Man nehme an: Pluralität

 

Dem Verein Türöffner und seiner erfolgreichen Arbeit einen nennenswerten Pull-Faktor mit globaler Reichweite nachzusagen, ist allein aufgrund seiner Größe und dem ausschließlich deutschsprachigen Internet-Auftritt absurd. Dass er dennoch Strahlkraft hat, liegt sicher an seiner unternehmerischen Nähe, der kulturellen Anbindung an den 1. FC Union Berlin und der pragmatischen unbürokratischen Arbeit. Hier liegt auch das Potenzial zur Entwicklung von Lösungen noch unterbelichteter Problemlagen für die gesellschaftliche Integration. An dieser Stelle kommt der 1. FC Union als Vorbild ins Spiel, von dem nicht nur der Türöffner und andere Initiativen lernen können, sondern auch die Politik: Wie gelingt es, Menschen nicht nur für horizontale Pluralität zu sensibilisieren, der Vielfalt der Kulturen, Ethnien und geschlechtlicher Identitäten; sondern auch zu berücksichtigen, dass unsere Gesellschaft nicht zuletzt aufgrund der vertikalen Pluralität komplex ist und möglichst friedlich gemanagt werden muss. 
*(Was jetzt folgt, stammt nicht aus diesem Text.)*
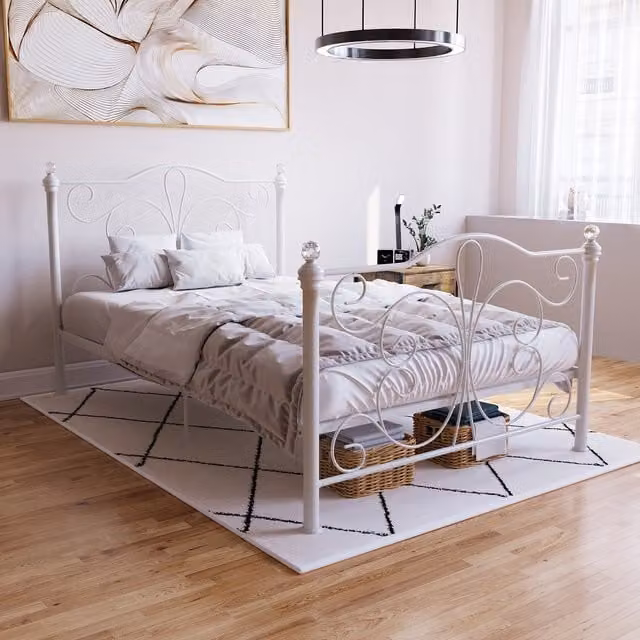 Vida Designs Chicago Metal Bed Frame, White, W/D/H: 120 x 200 cm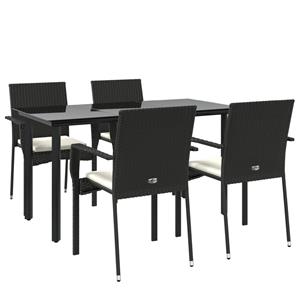 Vidaxl 5-tlg. Garten-lounge-set Mit Kissen Schwarz Poly Rattan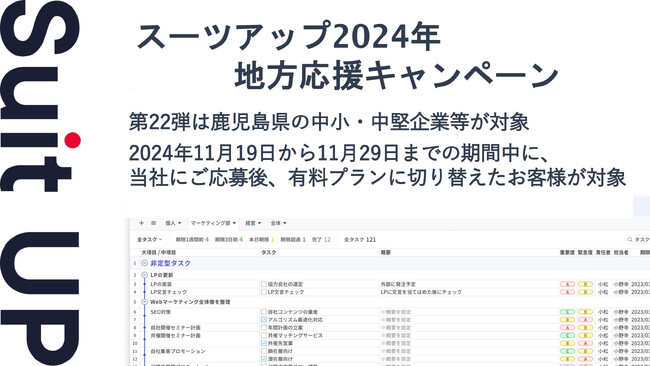「スーツアップ2024年地方応援キャンペーン」第22弾（鹿児島県）のお知らせ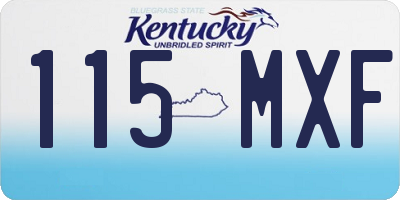 KY license plate 115MXF
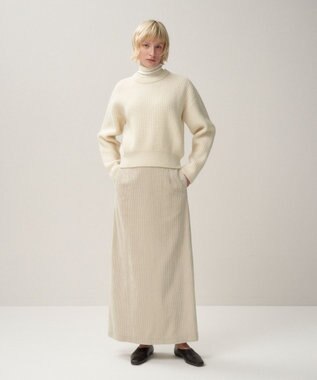 ATON 5W COTTON CORDUROY | ペンシルスカート WARM WHITE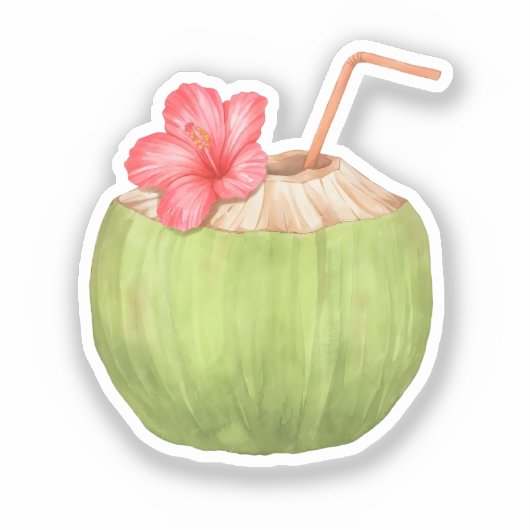 Groene Kokosdrank Sticker (Voorkant)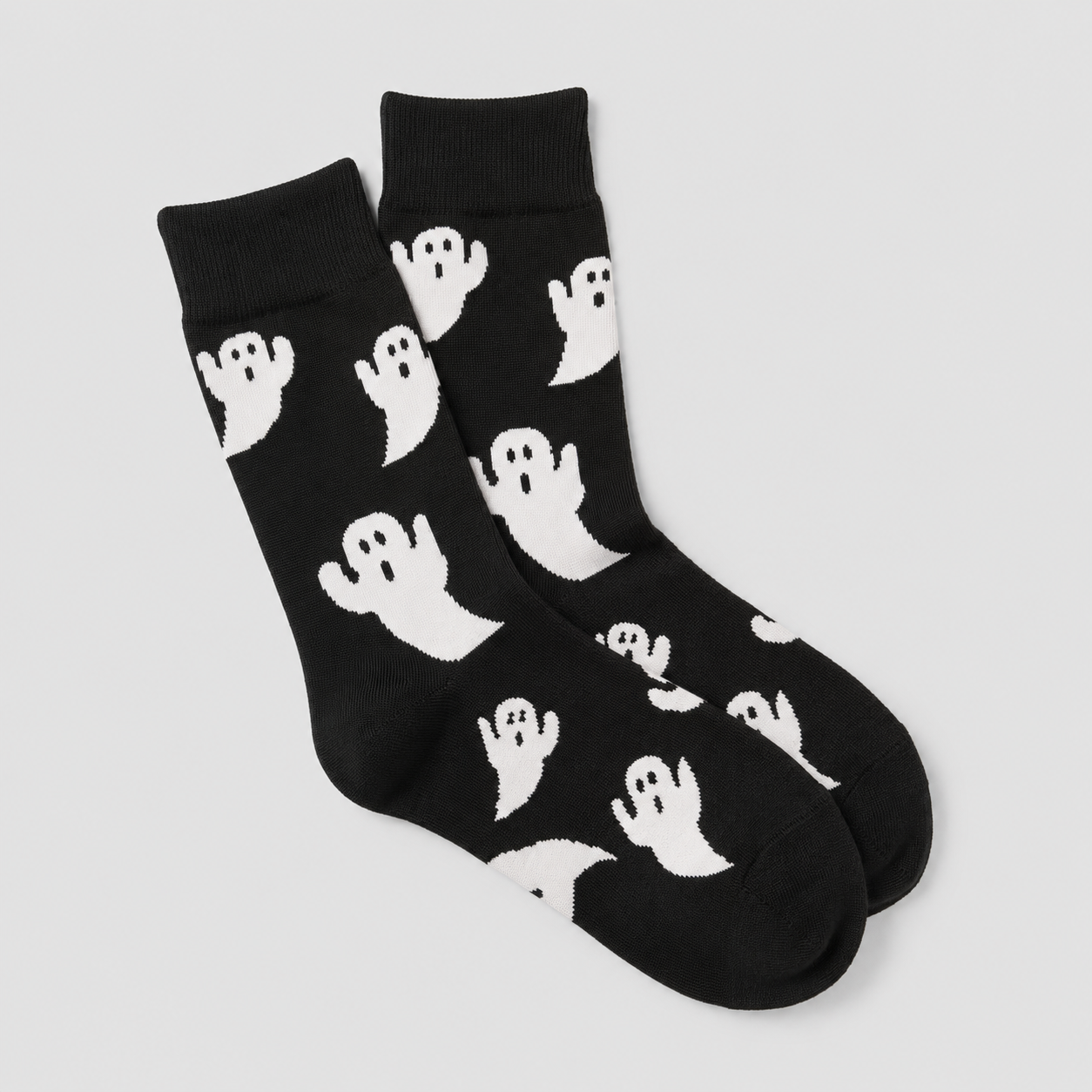Halloweenstrømper med Spøgelsesmotiv - Unisex Sort & Hvid - Sort - Gifts – Seasonal – Halloween - {{ product_tags }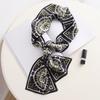 Compass Long Silk Scarf Silk Plain Crepe Satin Double-Layer Scarf Thin And Narrow Versatile Streamer Headband Women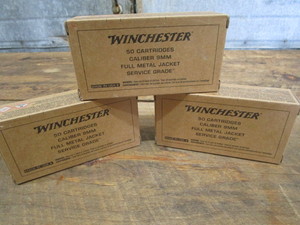 Winchester service grade 9mm, three...
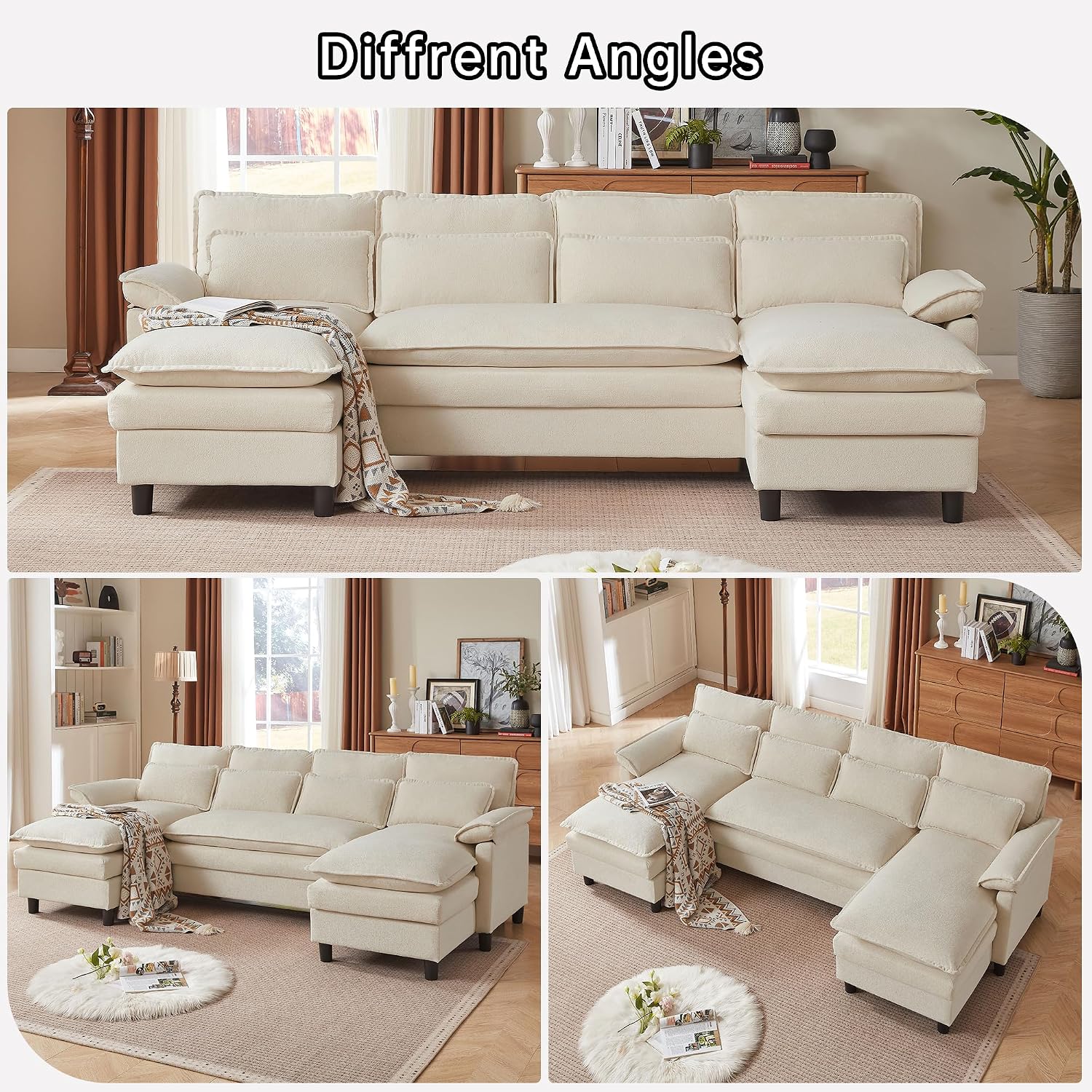 Comfy Cloud Couch Sectional Sofa with Lumbar Pillows, 105' Modern U-Shaped Cloud Sofa with Double Chaise & Deep Seat, Sectional Couches for Living Room, Office, Easy Assembly, Beige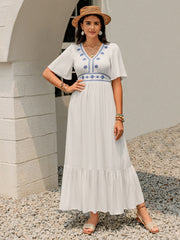 Ruffled Hem V-Neck Flutter Sleeve Dress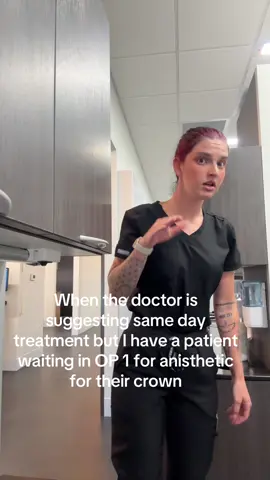 A post by @itzhxnnxh2 on TikTok caption: Like sir WE GOTTA GO #dentalassistant #dentistry #justjokingaround #dental 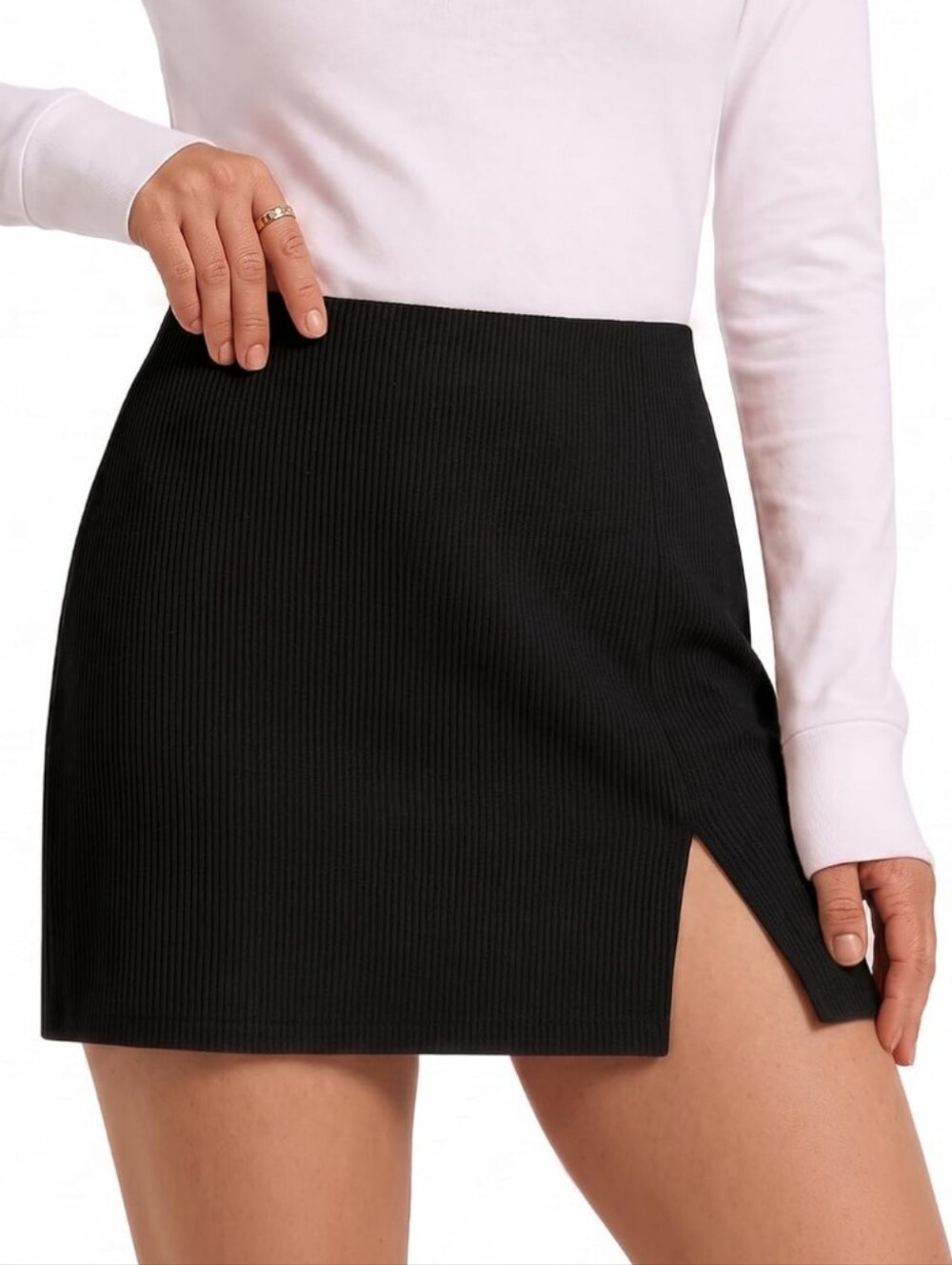 ASOS black ribbed stretch mini skirt S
Spiel 1. FC Union Fansituation

Was vertikale Pluralität ist, erlebt man bei einem Fußballspiel, denn hier kommen alle zusammen: der katholische Pfarrer, der alleinstehende arbeitslose Alkoholiker, die Betriebsratsvorsitzende, der gebrochen deutsch sprechende syrische Security-Mann, der ausländerfeindliche Spirituosenhändler, die Grünen-wählende Transe, Junge und Alte, Schulabbrecher und Promovierte: Sie finden zusammen bei magischen Gemeinschaftserlebnissen, teilen zeitgleich Emotionen von euphorischer Freude bei einem Angriff durch die eigene Mannschaft und beklemmende Panik kurz vor einem drohendem Gegentor. Sie feiern gemeinsam den Sieg und sind fassungslos über die kassierte Niederlage. Sie erleben gerichtete Aggression. Und sie erleben, wie sie wieder vergehen kann, dass das alles ur-menschlich ist und überhaupt kein Problem zu sein braucht. Sie akzeptieren geschriebene und ungeschriebene Regeln. Sie zahlen Geld als Kunden und verdienen Geld als Arbeitnehmer oder Selbständige, manche beziehen Transferleistungen. Sie verstehen sich als Menschen aus Fleisch und Blut, als Teil einer Gemeinschaft genauso wie als Individuum, als schräge Type mit Stärken und Schwächen. Verlassen sie das Stadion und gehen sie ihrer Wege, verbindet sie noch der weithin sichtbare Union-Schal. Wir in Deutschland vergessen allzu gerne, wie elementar gerade die älteren Entwicklungsebenen des Menschseins sind. Politik, Verwaltung und zivilgesellschaftliche Initiativen tun gut daran, sich bei ihrer Arbeit darauf zu besinnen.